PROBLEM TO WORK ON:
Exactly as written, return all the data, leaving its pictures behind.

EXERCISE DATA:

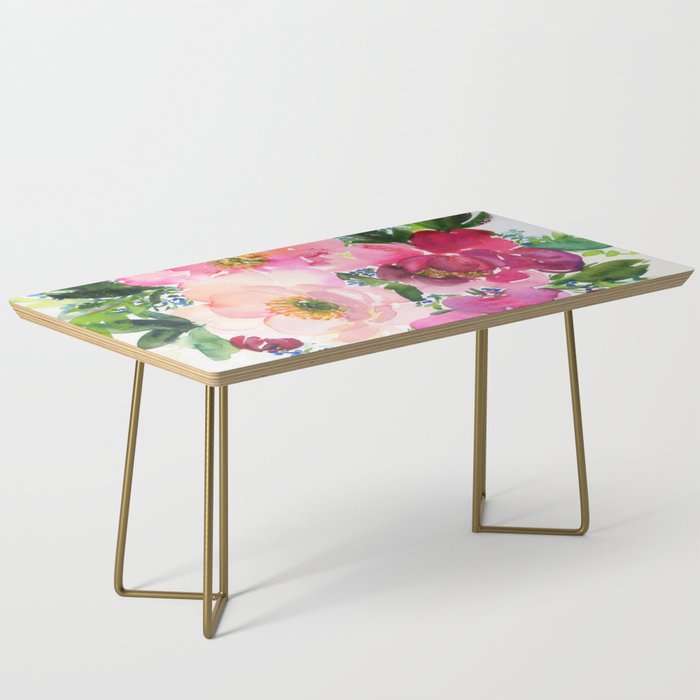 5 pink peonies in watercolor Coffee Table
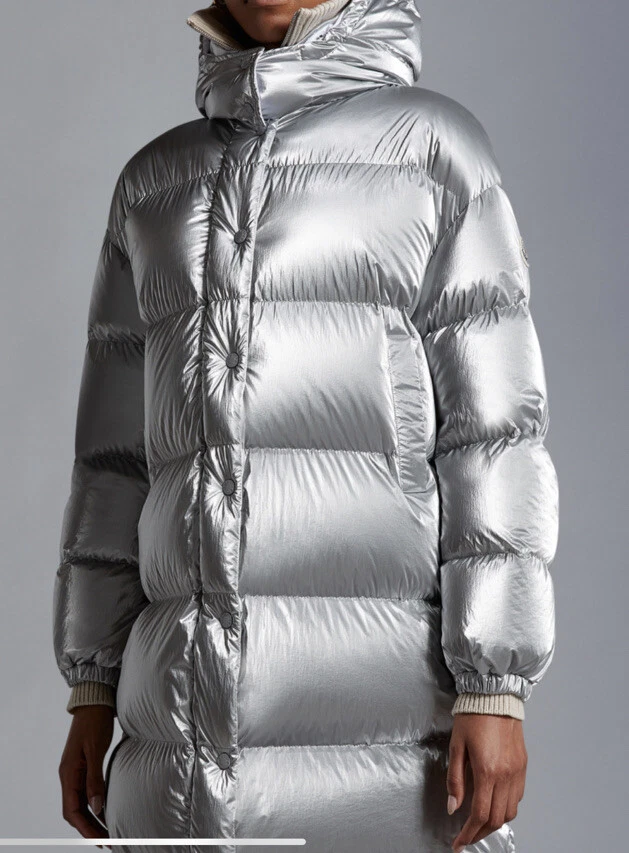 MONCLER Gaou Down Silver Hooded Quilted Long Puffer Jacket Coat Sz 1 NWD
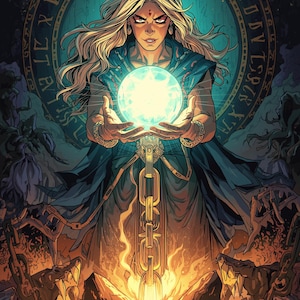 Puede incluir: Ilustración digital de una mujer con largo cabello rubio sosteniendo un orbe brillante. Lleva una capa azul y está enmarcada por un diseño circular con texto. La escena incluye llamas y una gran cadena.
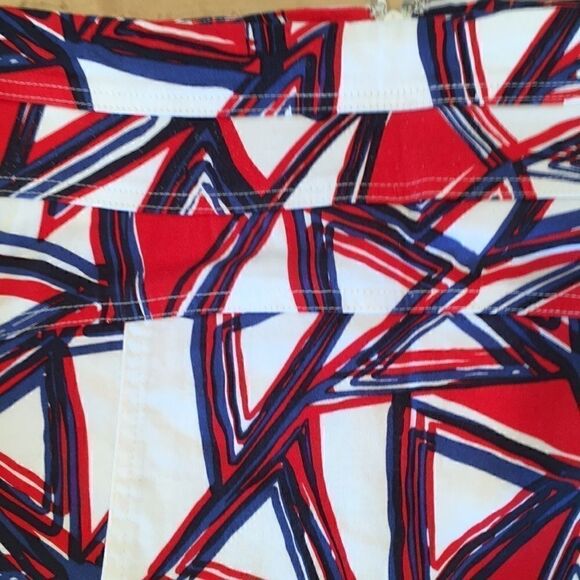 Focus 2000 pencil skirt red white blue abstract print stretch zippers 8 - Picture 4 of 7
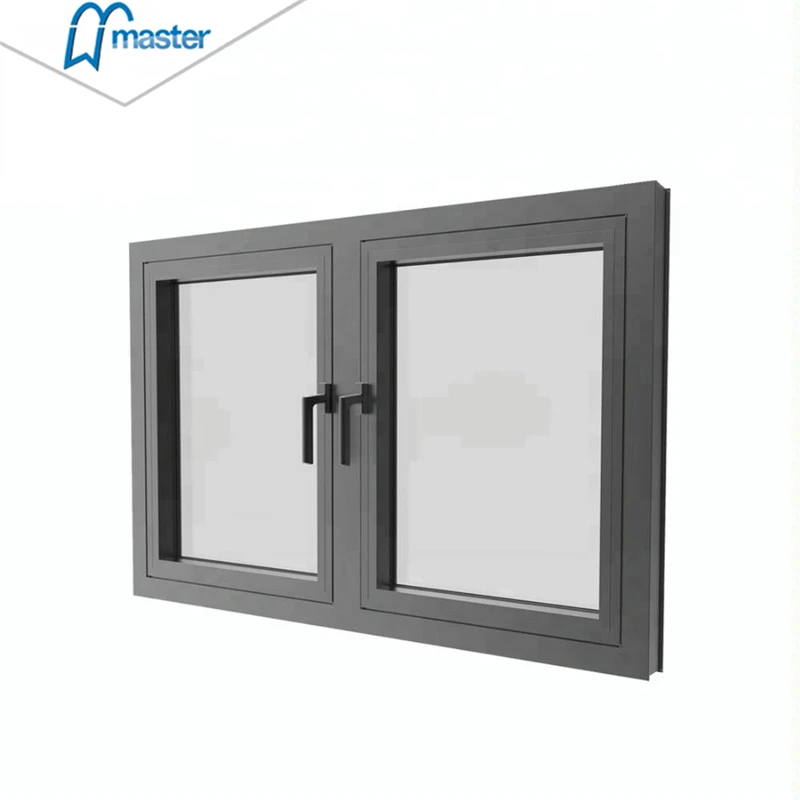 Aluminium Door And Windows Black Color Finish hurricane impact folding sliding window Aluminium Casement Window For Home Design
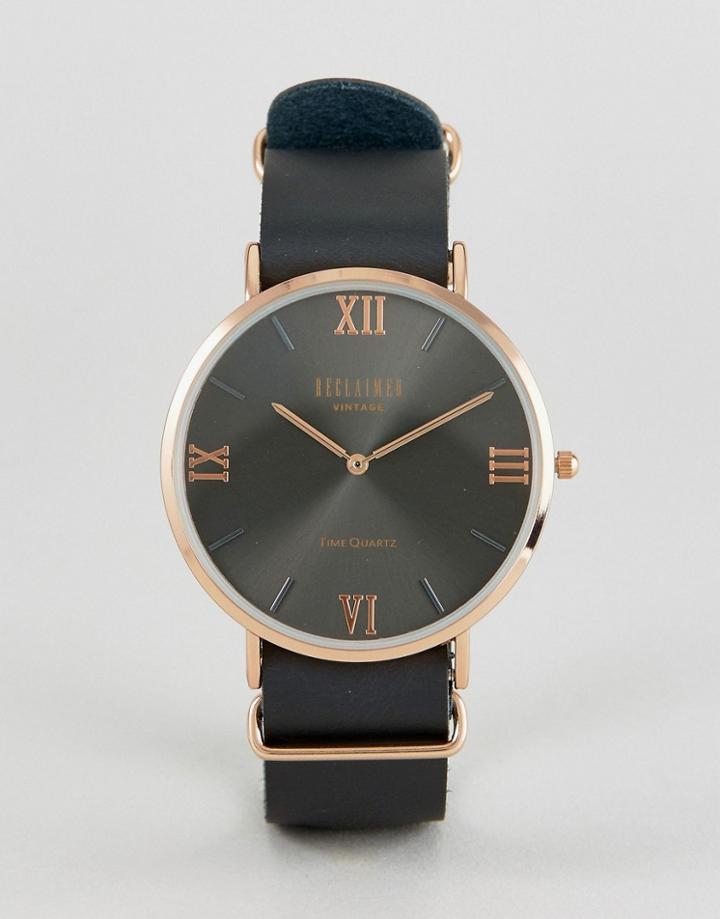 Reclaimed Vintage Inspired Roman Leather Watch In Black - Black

WRITTEN RESPONSE:
 5 pink peonies in watercolor Coffee Table
 MONCLER Gaou Down Silver Hooded Quilted Long Puffer Jacket Coat Sz 1 NWD
 Puede incluir: Ilustración digital de una mujer con largo cabello rubio sosteniendo un orbe brillante. Lleva una capa azul y está enmarcada por un diseño circular con texto. La escena incluye llamas y una gran cadena.
 Focus 2000 pencil skirt red white blue abstract print stretch zippers 8 - Picture 4 of 7
 Aluminium Door And Windows Black Color Finish hurricane impact folding sliding window Aluminium Casement Window For Home Design
 Reclaimed Vintage Inspired Roman Leather Watch In Black - Black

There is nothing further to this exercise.